→ **EXERCISE INSTRUCTIONS**: Could you copy word for word only the lines between the one containing "Sorel YOUTH WHITNEY" and the end of the listing below, both included, and leave out the pictures?

→ **INFORMATION PROVIDED**:
= = = = = = =

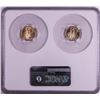 Image 2 : Set of 2021 Type 1 & Type 2 $5 American Gold Eagle Coins NGC MS70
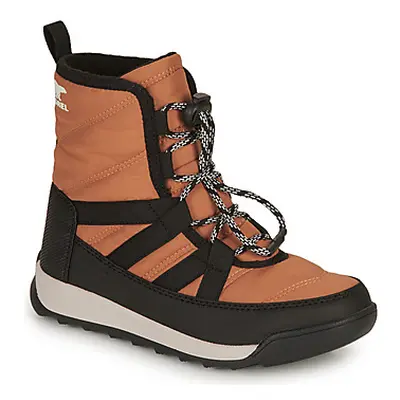 Sorel YOUTH WHITNEY II SHORT LACE WP boys's Children's Snow boots in Brown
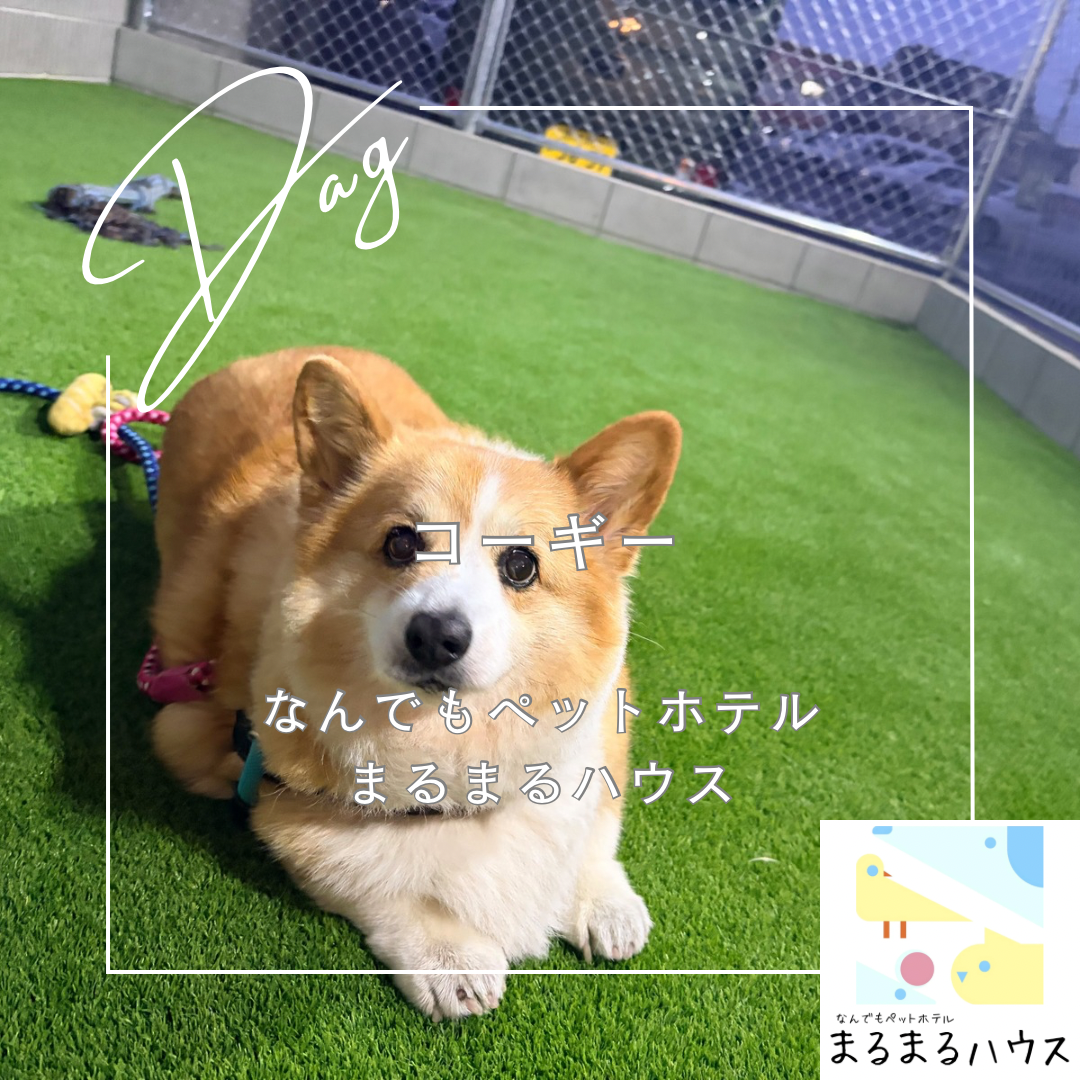 中型犬 コーギー お泊まり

= = = = = = =

→ **RESPONSE TO THIS TASK**:
 Sorel YOUTH WHITNEY II SHORT LACE WP boys's Children's Snow boots in Brown
 中型犬 コーギー お泊まり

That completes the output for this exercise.